**TASK TO CARRY OUT**. From the line that contains "Apple iPhone câble" down to the final line of the listing below, set down every line exactly, both ends included, and drop the pictures.
━━━ DATA FOR THIS EXERCISE ━━━
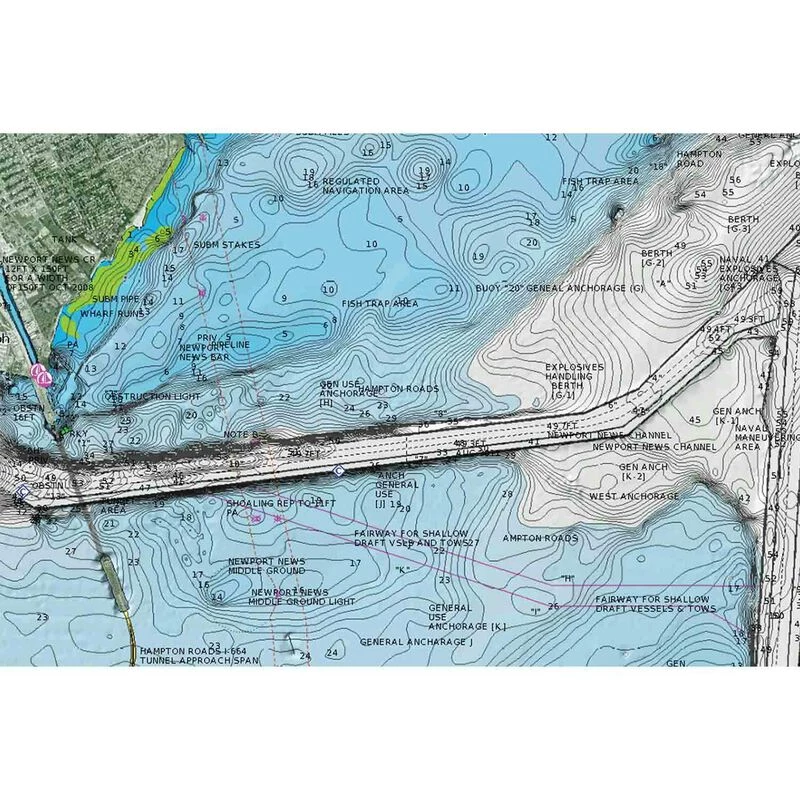 NAVIONICS Electronic Charts MSD/635P+ West Gulf Of Mexico Platinum+ Charts MicroSD Card 4 NAVIONICS Electronic Charts MSD/635P+ West Gulf Of Mexico Platinum+ Charts MicroSD Card - Image 4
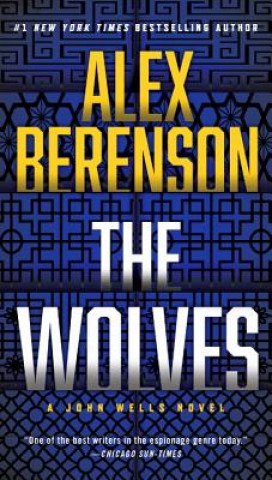 Knjiga Wolves Alex Berenson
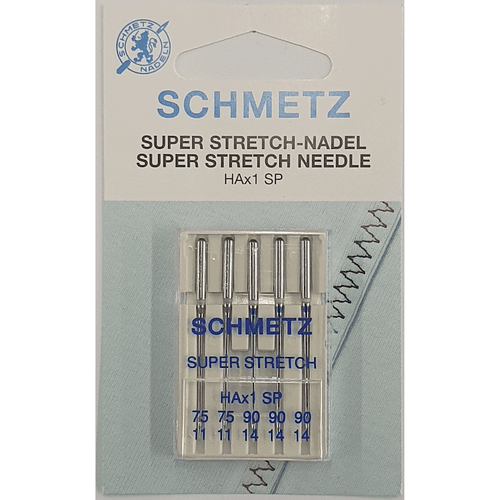 Stretch and Twin Stretch Sewing Machine Needles by Schmetz for Domestic Machines - Picture 10 of 17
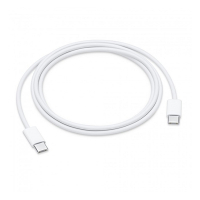Apple iPhone câble de chargement USB-C vers USB-C 2.0 (1 mètre) - blanc MUF72ZM/A M010214171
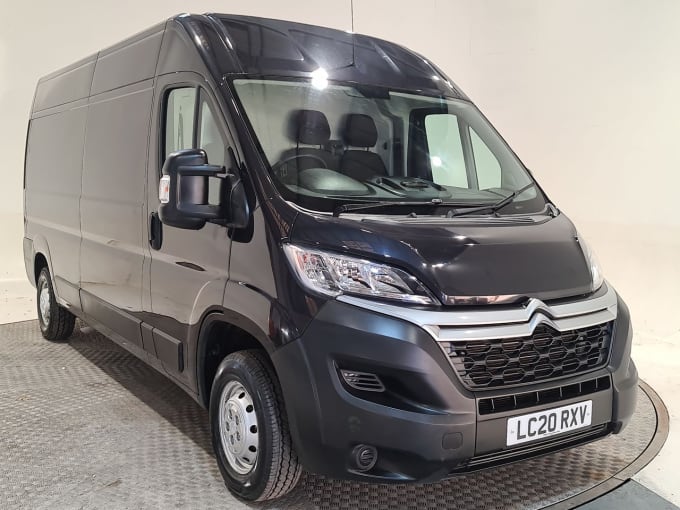 2025 Citroen Relay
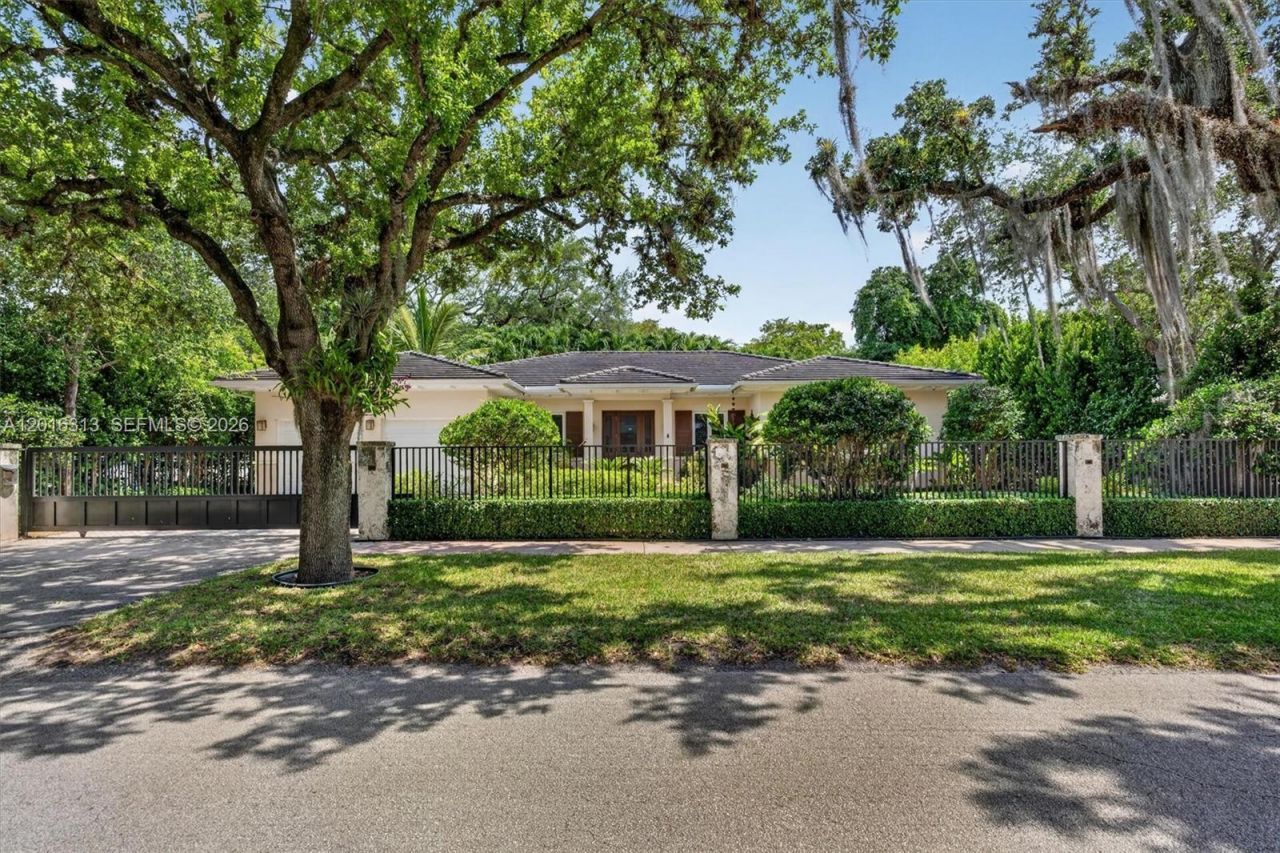 442 Amalfi Ave , Coral Gables, FL 33146 Photo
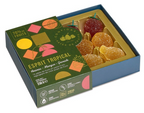 Spirito Tropicale Paste di Frutta Box 230G (Mango, Ananas, Melograno)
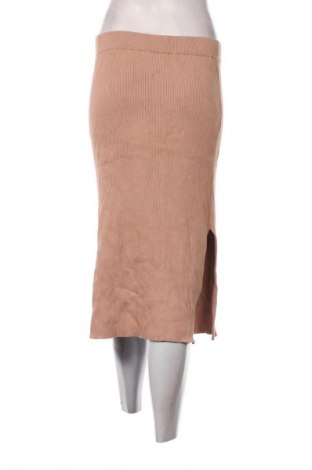 Φούστα Ally, Μέγεθος M, Χρώμα  Μπέζ, Τιμή 0,99 €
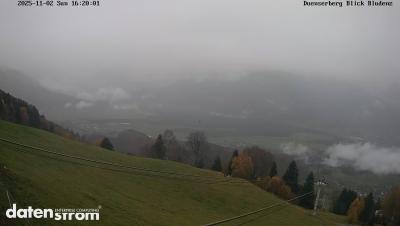 Seilbahn Schnifisberg - Bludenz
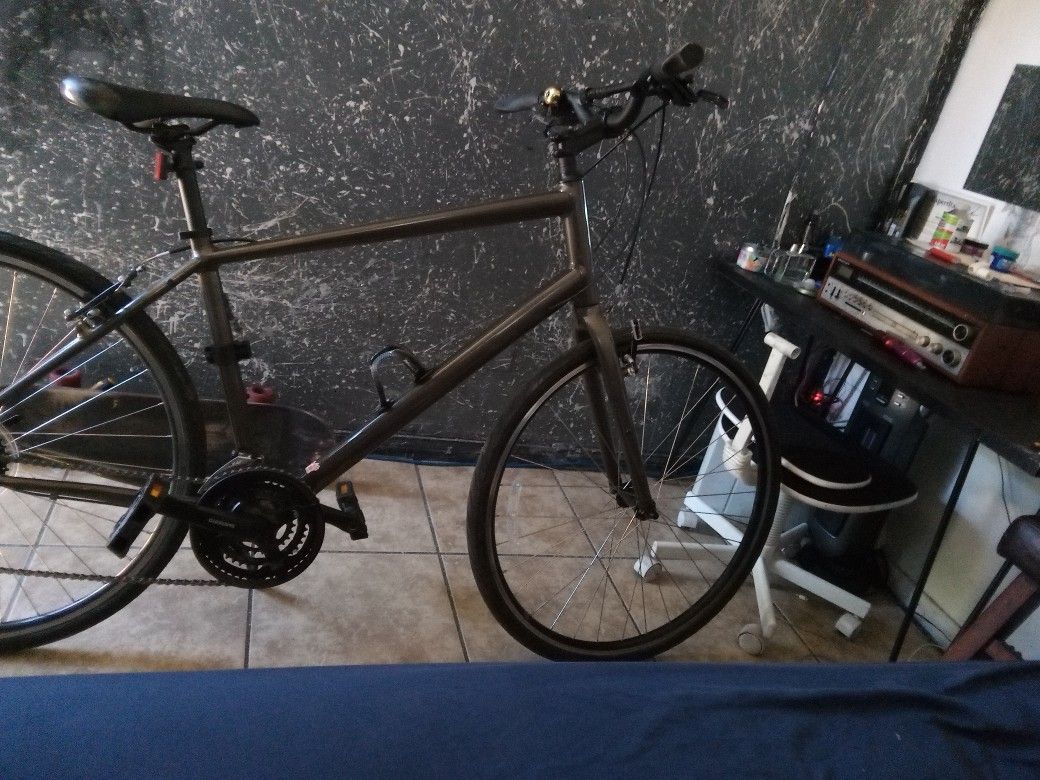 Specialized Alibi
━━━
**OUTPUT**.
Apple iPhone câble de chargement USB-C vers USB-C 2.0 (1 mètre) - blanc MUF72ZM/A M010214171
 2025 Citroen Relay
 442 Amalfi Ave , Coral Gables, FL 33146 Photo
 Spirito Tropicale Paste di Frutta Box 230G (Mango, Ananas, Melograno)
 Φούστα Ally, Μέγεθος M, Χρώμα  Μπέζ, Τιμή 0,99 €
 Seilbahn Schnifisberg - Bludenz
 Specialized Alibi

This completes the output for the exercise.